Material provided: Begin

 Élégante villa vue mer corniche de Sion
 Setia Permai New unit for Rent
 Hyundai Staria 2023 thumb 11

Material provided: End
Material provided: Begin

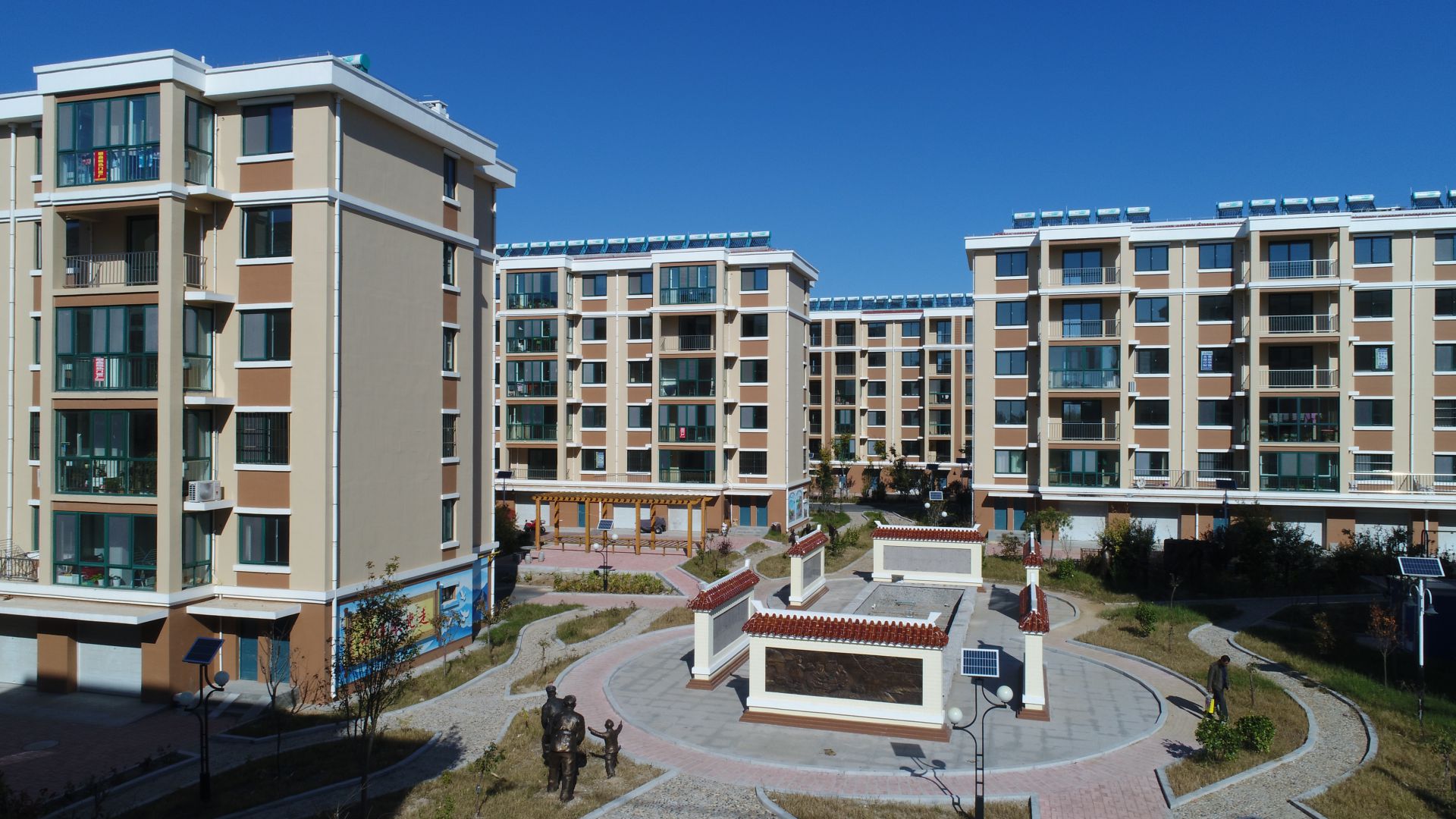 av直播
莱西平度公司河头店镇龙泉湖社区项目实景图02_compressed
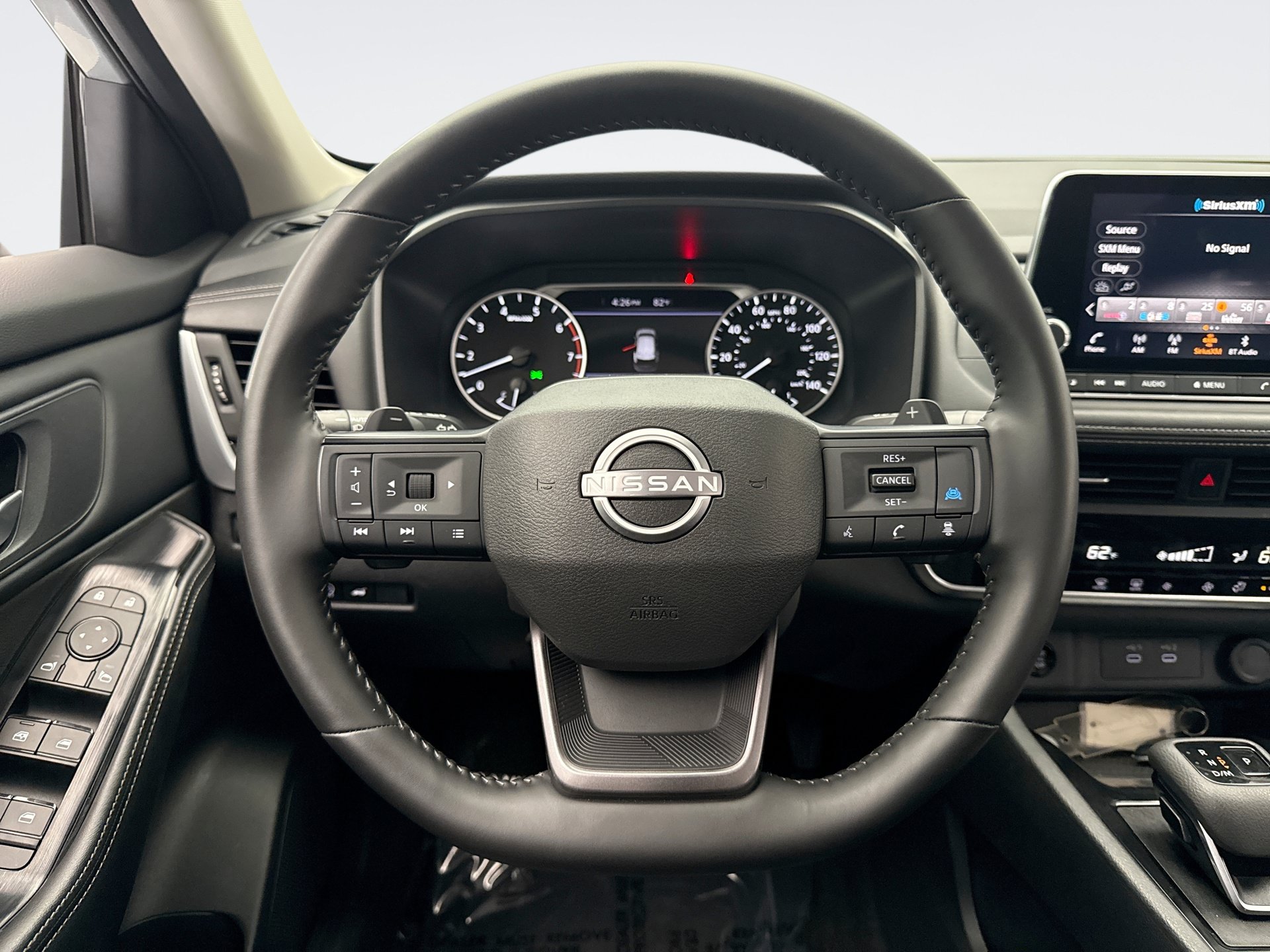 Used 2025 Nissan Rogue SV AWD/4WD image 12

Material provided: End

#### [Directions]
Scan the listing above for the line that has "Élégante villa vue mer corniche de Sion", then copy exactly from that line through the line that has "Hyundai Staria 2023 thumb 11".

#### [The answer]
 Élégante villa vue mer corniche de Sion
 Setia Permai New unit for Rent
 Hyundai Staria 2023 thumb 11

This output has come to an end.